__To do__
All that is wanted is the exact lines from the one with "KMHD84LF6LU911315 2020 HYUNDAI" through the last line of the entries, with both ends kept and every picture left out.

── Listed records ──

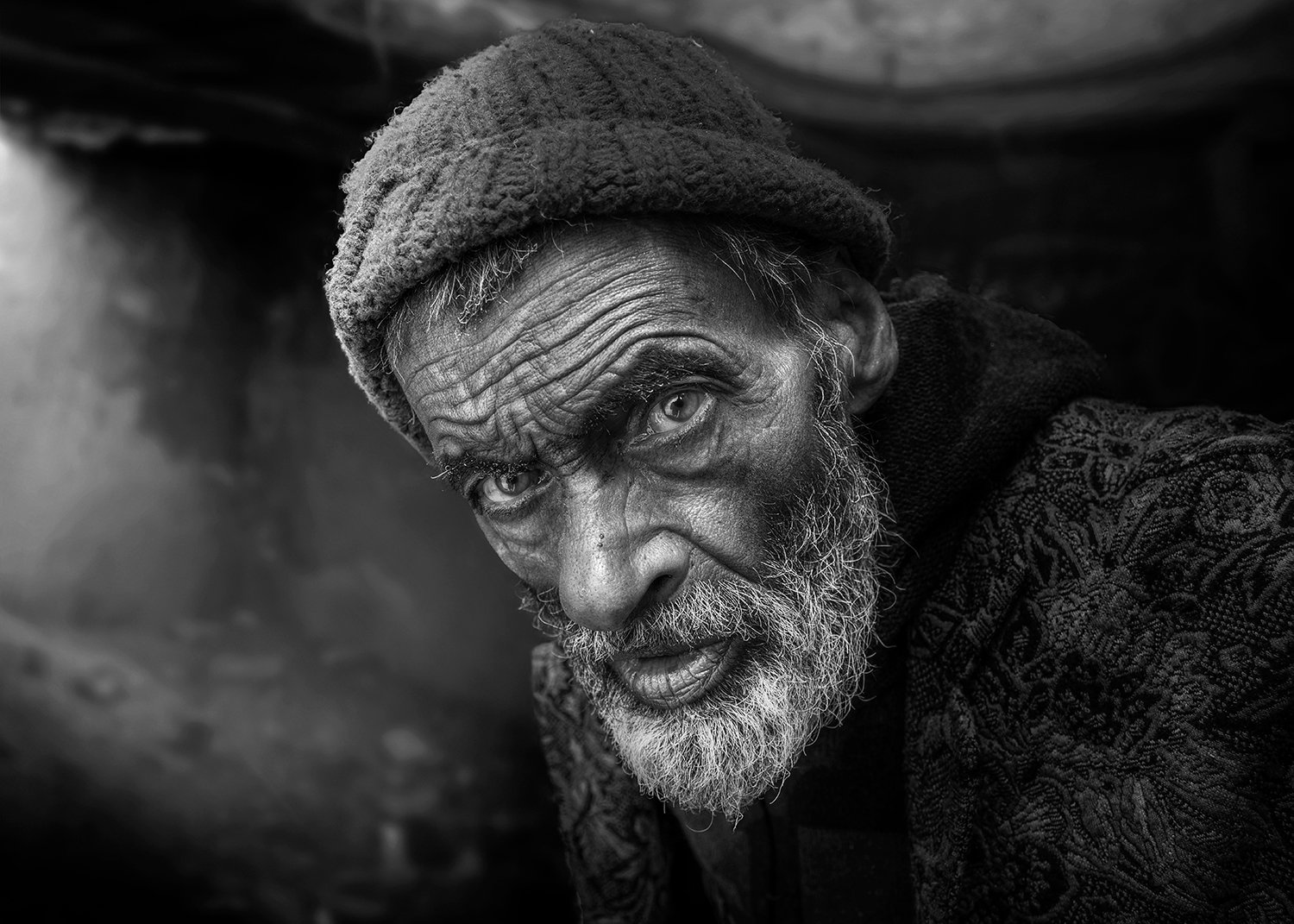 Stranger by Mehdi Zavvari Bagheban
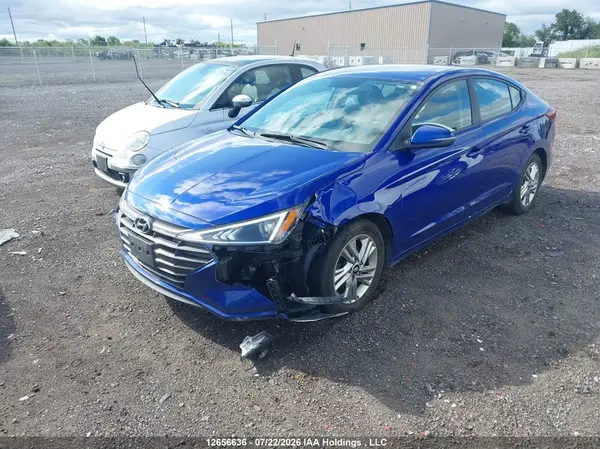 KMHD84LF6LU911315 2020 HYUNDAI ELANTRA - Image 2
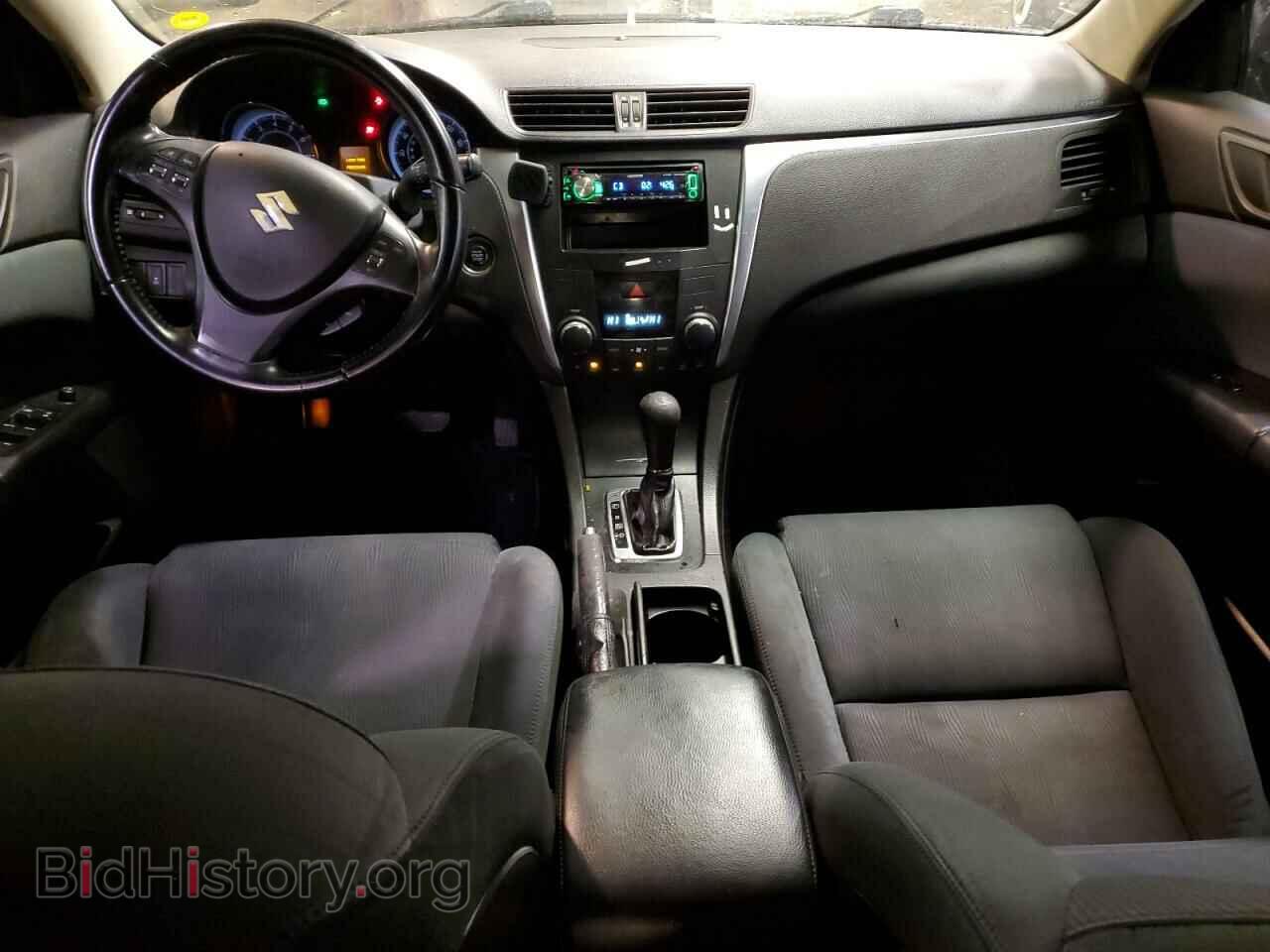 2012 SUZUKI KIZASHI - VIN: JS2RE9A39C6100871 - Photo 8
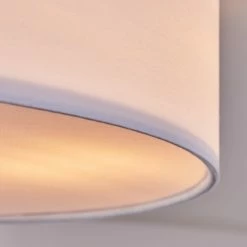 Hofstein Tveid Deckenleuchte Nickel-Matt, 2-flammig -Bürolampen Verkäufe tveid deckenleuchte h3433515 10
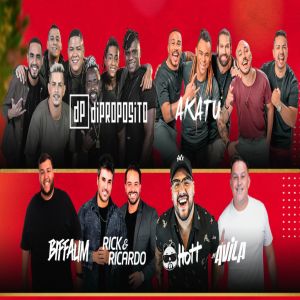 Di Propósito, Akatu, Rick & Ricardo e Hott agitam a Farrinha de Natal nesta quinta-feira
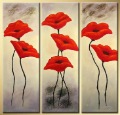Charm Lips Modern Abstract Huge Art Oil Painting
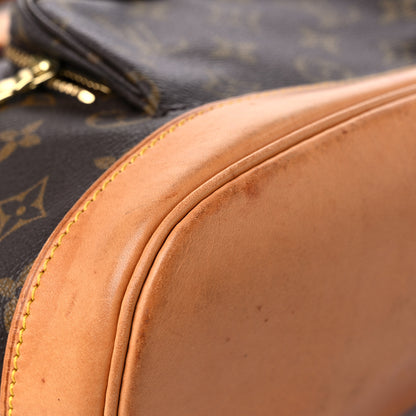 Louis Vuitton Monogram Montsouris MM Backpack 8 of 20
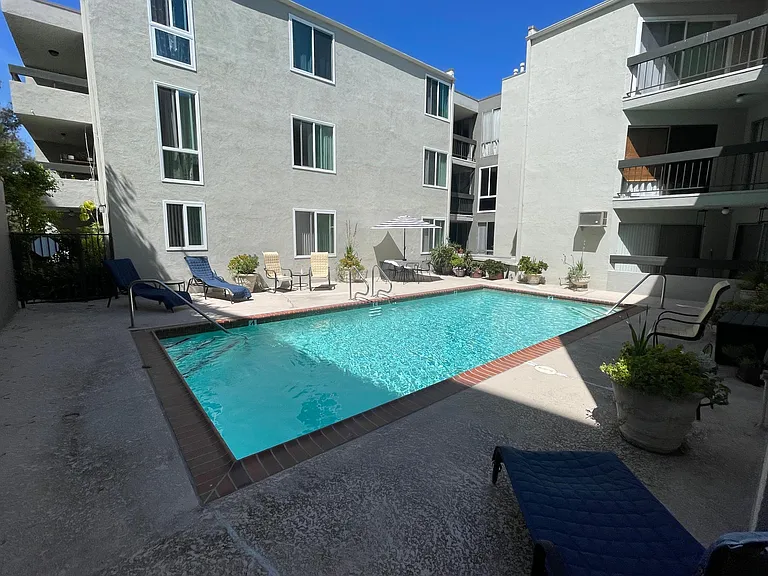 Community swimming pool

───

__Expected answer__
 KMHD84LF6LU911315 2020 HYUNDAI ELANTRA - Image 2
 2012 SUZUKI KIZASHI - VIN: JS2RE9A39C6100871 - Photo 8
 Hofstein Tveid Deckenleuchte Nickel-Matt, 2-flammig -Bürolampen Verkäufe tveid deckenleuchte h3433515 10
 Di Propósito, Akatu, Rick & Ricardo e Hott agitam a Farrinha de Natal nesta quinta-feira
Charm Lips Modern Abstract Huge Art Oil Painting
 Louis Vuitton Monogram Montsouris MM Backpack 8 of 20
 Community swimming pool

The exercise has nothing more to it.